Over the tank, I will have an 18w pc or a 28LED fixture, with natural light in the late afternoon.

From what I have read so far, it is easiest to grow the carnivorous plants in 80%+ peat soil. 
Here are my questions, as I bet I am not the first cowboy to ride in this rodeo...


What plants can I use to fill in around a few carnivorous plants that will do well in such a low mineral soil?
where is a good place to buy/source carnivorous plants? anyone have past experience?

Here are some of the plants I am considering:

Drosera capensis
Drosera binata
Pinguicula grandiflora
utricularia graminifolia

Most of my information at the moment is sourced from wikipedia.


----------



## asukawashere

Regarding obtaining them, you might look more into the various Drosera, Utricularia and Pinguicula species, as those genera all have several species native to the U.S. - P. vugaris and a couple of Drosera are native to NY, so local botanical societies may be able to point you in the direction of collecting localities, or have specimens to swap. Also you can always look for online/mail-order nurseries that specialize in a particular plant type.

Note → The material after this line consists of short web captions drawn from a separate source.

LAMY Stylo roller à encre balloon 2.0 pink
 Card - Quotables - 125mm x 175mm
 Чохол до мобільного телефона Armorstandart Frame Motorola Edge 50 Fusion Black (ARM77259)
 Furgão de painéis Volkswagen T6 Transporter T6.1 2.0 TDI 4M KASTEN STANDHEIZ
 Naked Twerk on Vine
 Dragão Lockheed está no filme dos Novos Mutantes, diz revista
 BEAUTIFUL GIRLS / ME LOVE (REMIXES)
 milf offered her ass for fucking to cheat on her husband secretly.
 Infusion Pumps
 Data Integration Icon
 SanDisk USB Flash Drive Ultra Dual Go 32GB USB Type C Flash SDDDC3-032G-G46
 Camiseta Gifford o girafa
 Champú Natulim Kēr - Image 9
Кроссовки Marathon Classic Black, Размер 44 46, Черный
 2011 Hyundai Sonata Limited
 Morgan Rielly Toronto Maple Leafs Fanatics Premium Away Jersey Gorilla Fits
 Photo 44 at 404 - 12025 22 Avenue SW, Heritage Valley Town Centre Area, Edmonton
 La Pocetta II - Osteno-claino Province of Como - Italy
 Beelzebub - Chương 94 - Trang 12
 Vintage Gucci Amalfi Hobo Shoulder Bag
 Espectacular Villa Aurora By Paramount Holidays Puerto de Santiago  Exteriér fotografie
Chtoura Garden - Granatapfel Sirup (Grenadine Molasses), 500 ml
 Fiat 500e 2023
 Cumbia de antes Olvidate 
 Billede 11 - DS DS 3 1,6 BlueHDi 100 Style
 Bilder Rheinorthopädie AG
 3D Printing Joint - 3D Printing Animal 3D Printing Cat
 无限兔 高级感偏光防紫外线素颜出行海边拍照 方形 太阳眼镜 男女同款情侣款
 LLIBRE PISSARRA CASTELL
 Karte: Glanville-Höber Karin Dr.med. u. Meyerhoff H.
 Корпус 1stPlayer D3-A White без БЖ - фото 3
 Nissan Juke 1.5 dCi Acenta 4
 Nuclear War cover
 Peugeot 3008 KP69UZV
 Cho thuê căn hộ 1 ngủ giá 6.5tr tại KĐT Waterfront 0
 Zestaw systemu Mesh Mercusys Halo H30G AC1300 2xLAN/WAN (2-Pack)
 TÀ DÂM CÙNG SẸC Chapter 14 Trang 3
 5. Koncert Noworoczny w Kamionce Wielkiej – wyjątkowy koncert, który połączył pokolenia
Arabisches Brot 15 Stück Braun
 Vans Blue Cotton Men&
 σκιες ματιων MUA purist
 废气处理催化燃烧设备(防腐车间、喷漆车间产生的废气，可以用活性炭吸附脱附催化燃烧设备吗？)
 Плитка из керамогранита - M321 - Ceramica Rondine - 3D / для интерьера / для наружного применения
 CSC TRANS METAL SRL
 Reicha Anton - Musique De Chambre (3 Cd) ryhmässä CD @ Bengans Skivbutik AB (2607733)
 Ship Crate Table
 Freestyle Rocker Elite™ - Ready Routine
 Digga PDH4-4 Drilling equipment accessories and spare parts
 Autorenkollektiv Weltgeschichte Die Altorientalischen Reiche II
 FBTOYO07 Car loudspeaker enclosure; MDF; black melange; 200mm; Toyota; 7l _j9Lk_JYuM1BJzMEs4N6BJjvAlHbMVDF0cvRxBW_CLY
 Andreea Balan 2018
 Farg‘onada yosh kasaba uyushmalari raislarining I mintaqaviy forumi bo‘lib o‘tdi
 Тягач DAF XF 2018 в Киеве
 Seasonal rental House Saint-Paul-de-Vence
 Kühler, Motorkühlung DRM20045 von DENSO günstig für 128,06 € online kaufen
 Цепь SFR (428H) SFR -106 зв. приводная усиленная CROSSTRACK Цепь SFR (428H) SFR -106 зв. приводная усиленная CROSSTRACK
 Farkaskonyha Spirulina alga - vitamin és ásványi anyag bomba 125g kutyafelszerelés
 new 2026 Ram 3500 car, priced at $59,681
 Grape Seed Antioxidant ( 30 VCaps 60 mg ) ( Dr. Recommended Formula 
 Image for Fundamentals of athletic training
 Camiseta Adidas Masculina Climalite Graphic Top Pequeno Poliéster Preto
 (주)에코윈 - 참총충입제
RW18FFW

Regarding companion plants, many orchids do well in conditions similar to those required by carnivorous plants. Bog orchids often grow alongside carnivorous plants in nature. A nice selection of orchids that are well-suited to growing in terrarium conditions can be found at http://www.jlorchids.com/catalog/terrarium.html (this particular nursery is local for me; you may want to make note of some of the species and look for them at a more local grower).


----------